Reporter: Siswandi | Editor: Buniyamin
SANGATTA – Sejumlah sopir Angkutan Kota Dalam Provinsi (AKDP) di Terminal Tipe B, Jalan Poros Sangatta-Bontang, Kabupaten Kutai Timur (Kutim), Kalimantan Timur (Kaltim) mengeluhkan kesulitan mendapatkan solar bersubsidi di SPBU sekitar wilayah Sangatta, terutama SPBU depan Sangatta Town Center (STC) dan APT Pranoto Sangatta.
Anca, sopir AKDP yang sudah 15 tahun melayani rute antarkabupaten mengungkapkan keresahannya saat ditemui di Terminal III Sangatta.
Ia menyebut pengisian BBM jenis solar kini tak lagi normal. Para sopir angkutan umum bahkan sering harus gigit jari karena kehabisan jatah.
“Coba bayangkan, kalau kami enggak dapat solar dari Samarinda, kami terpaksa cari ke STC atau ke Kilometer (Km) 1. Kalau ke Km 1 masih mending bisa antre, tapi kalau ke STC itu harus pakai kupon dan kuponnya dibayar cuma buat dapat nomor antrean, itu pun sering kehabisan,” ujar Anca.
Ia menilai sistem pembagian BBM subsidi di SPBU cenderung tidak berpihak pada angkutan umum. Ironinya yang menguasai antrean adalah oknum-oknum ‘Penunggu’ SPBU, seperti mobil ekspedisi atau penampung.
“Sehari-hari jagain SPBU itu yang malah kuasai solar. Kami yang benar-benar bawa penumpang umum, kadang antre berhari-hari enggak dapat juga. Selama saya nyopir, enggak pernah mengalami pengisian yang benar-benar normal,” ungkapnya.
Anca berharap pihak terkait dan pengelola SPBU memberikan prioritas bagi kendaraan plat kuning yang melayani kebutuhan masyarakat, bukan sekadar berdasarkan jenis plat.
“Harusnya angkutan umum plat kuning diprioritaskan. Tapi jangan semua plat kuning juga, karena ada juga yang plat kuning tapi angkutan wisata, seperti Cendana. Mereka itu tarifnya bisa Rp500 ribu sekali jalan ke Balikpapan, sedangkan kami cuma Rp55.000 sampai Rp70.000,” paparnya.
Karena sulitnya akses solar bersubsidi, tak sedikit sopir akhirnya membeli BBM di pengecer dengan harga dua kali lipat dari harga normal.

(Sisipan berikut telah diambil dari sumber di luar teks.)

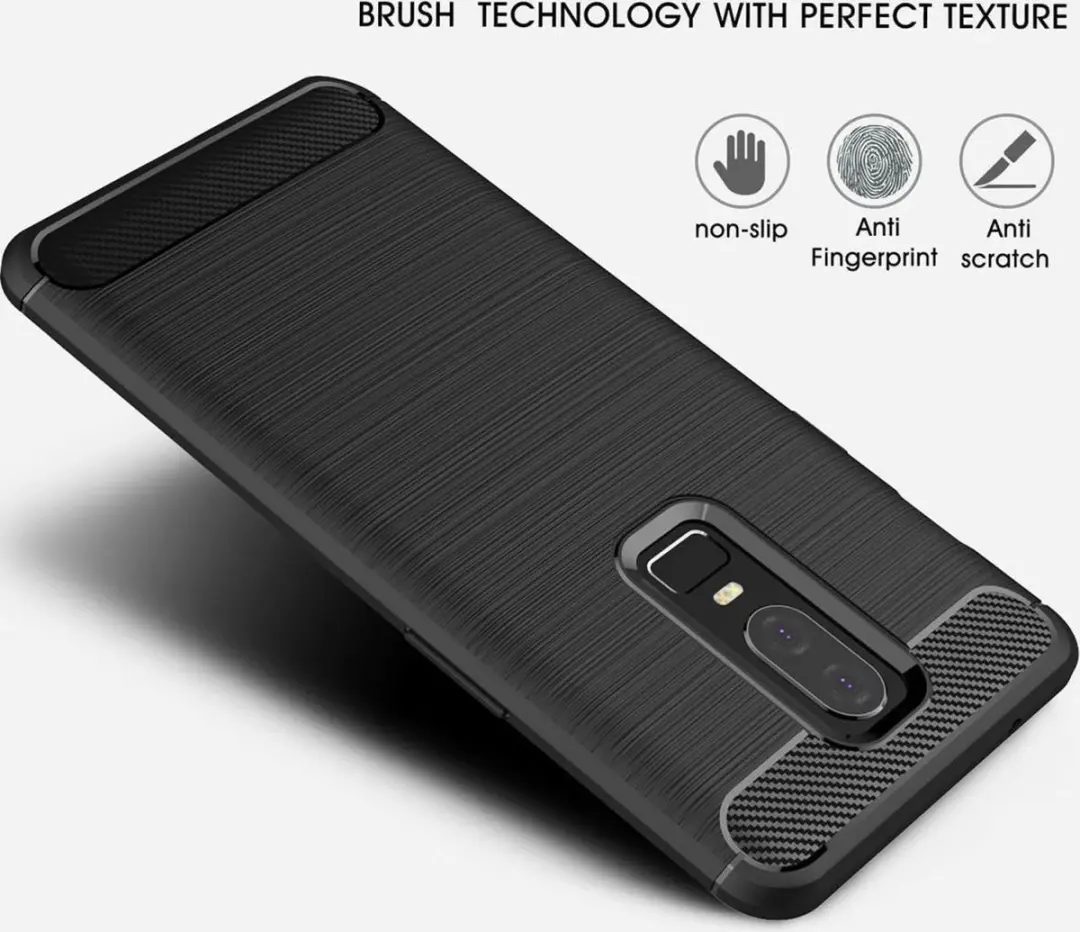 Selected TPU Hoesje OnePlus 6 - Zwart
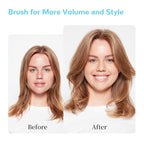 Round Hair Brush, Detangling Fluffy Scalp Brush with Ergonomic Big Handle, Plastic Lightweight Macron Styling Color Comb for Faster Blow Drying and Volume for Long,Thick, Curly Hair Women/Girls/Kids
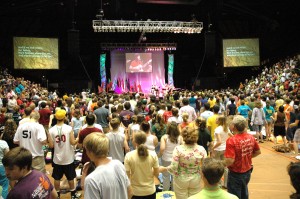 Youth meet for worship
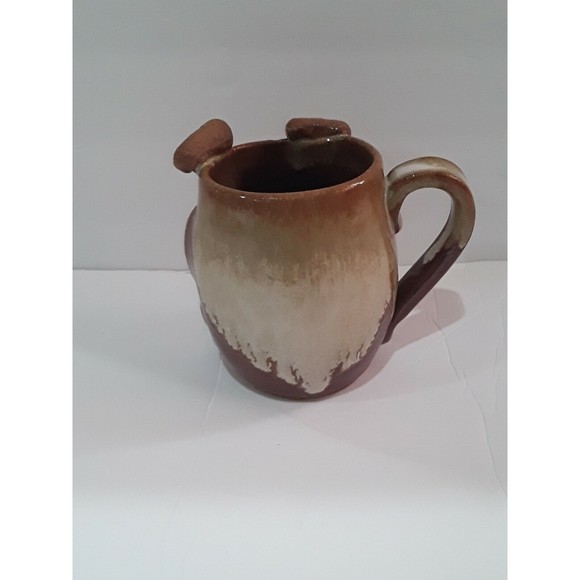 Handmade Art Pottery Mug, Pig Mug,. Handmade - Picture 3 of 8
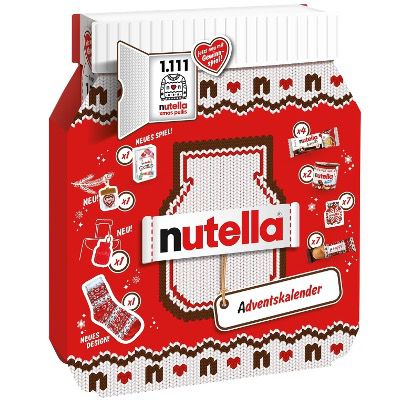 💝 Nutella-Adventskalender 2025 🎄 24 Nutella Mini-Geschenke für 21,85 (statt 30€)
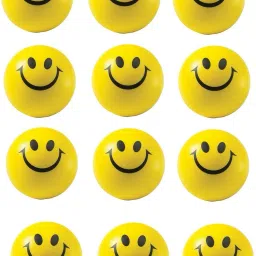 Stress buster Smiley 12 Balls- 3 inch-17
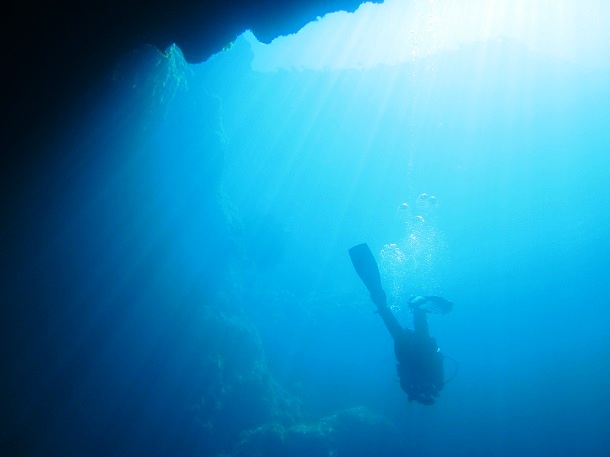 Azure Window Malta Unterwasser(c) Anja Knorr
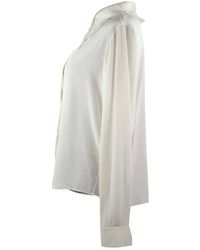 Chloé Seide Hemd - Weiß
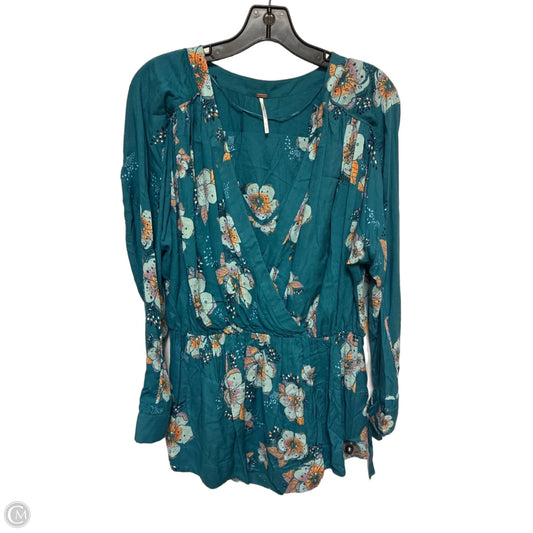 Top Long Sleeve By Free People In Floral Print, Size: S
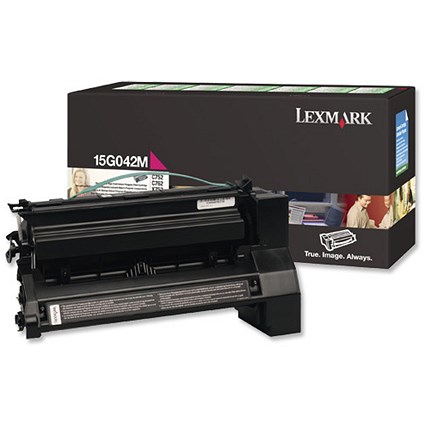 Lexmark 15G042M High Yield Magenta Laser Toner Cartridge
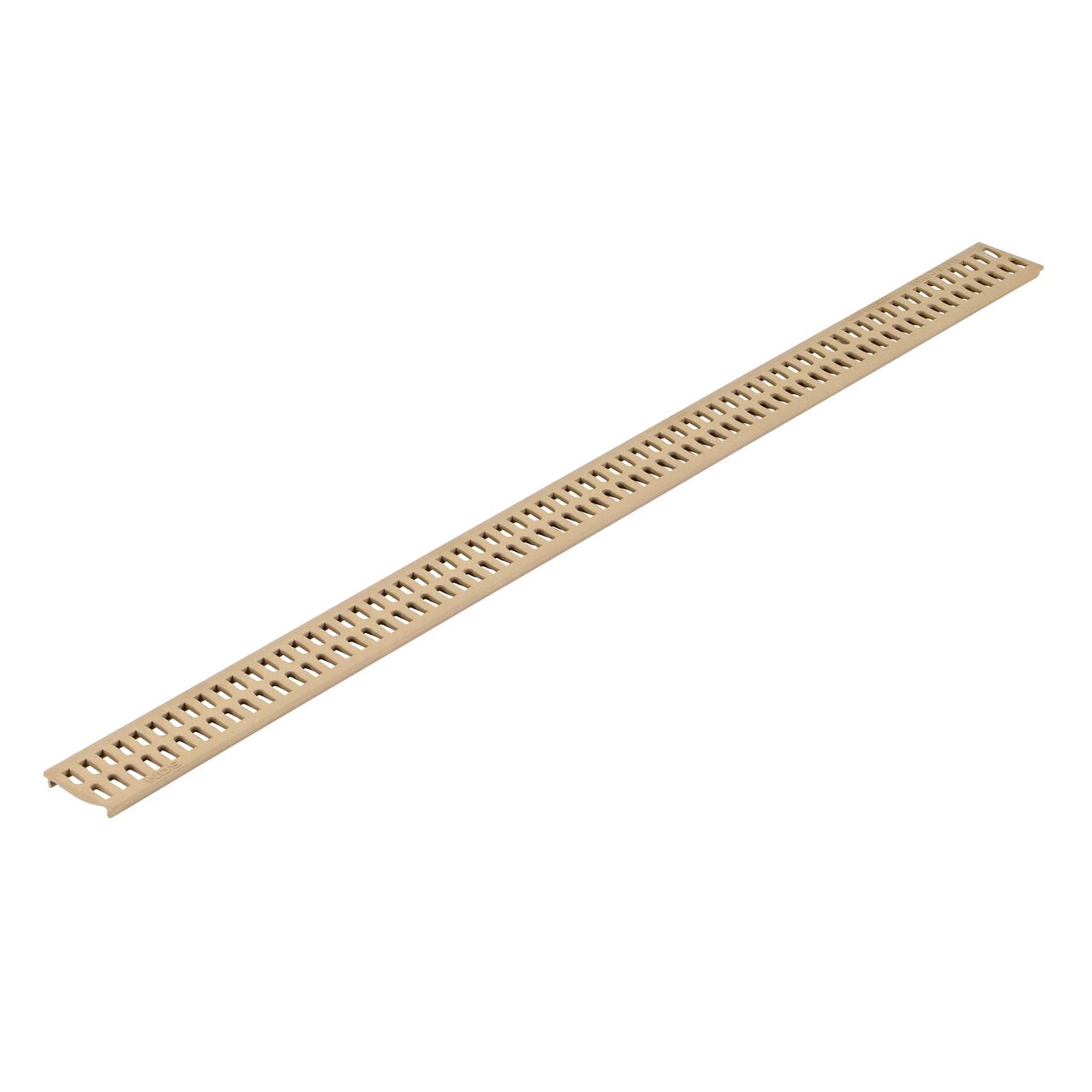 Hero shot of the Slim Channel™ Drain Grate, 2-1/4 in. wide X 3 ft. long, Sand Plastic (NDS 9242)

“Kalau udah enggak dapat di pom, kami beli eceran, bisa Rp12.000 sampai Rp13.000 per liter. Sedangkan di SPBU cuma Rp6.800. Tekor kita, Bang. Bahkan kadang harus minta tambahan solar dari penumpung, nambah lagi Rp10 ribu atau Rp20 ribu baru bisa jalan,” bebernya.
Kondisi itu, kata Anca, membuat para sopir AKDP kesulitan bertahan. Terlebih mayoritas dari mereka bekerja dengan sistem kontrak atau bagi hasil, bukan gaji tetap.
“Kami ini swasta. Ada yang sistem kontrak, ada juga yang cuma dapat persenan dari jumlah penumpang. Jadi kalau solar mahal dan susah dicari, ya kami yang rugi. Bukan enggak mau jalan, tapi dari berangkat sudah tekor,” pungkasnya.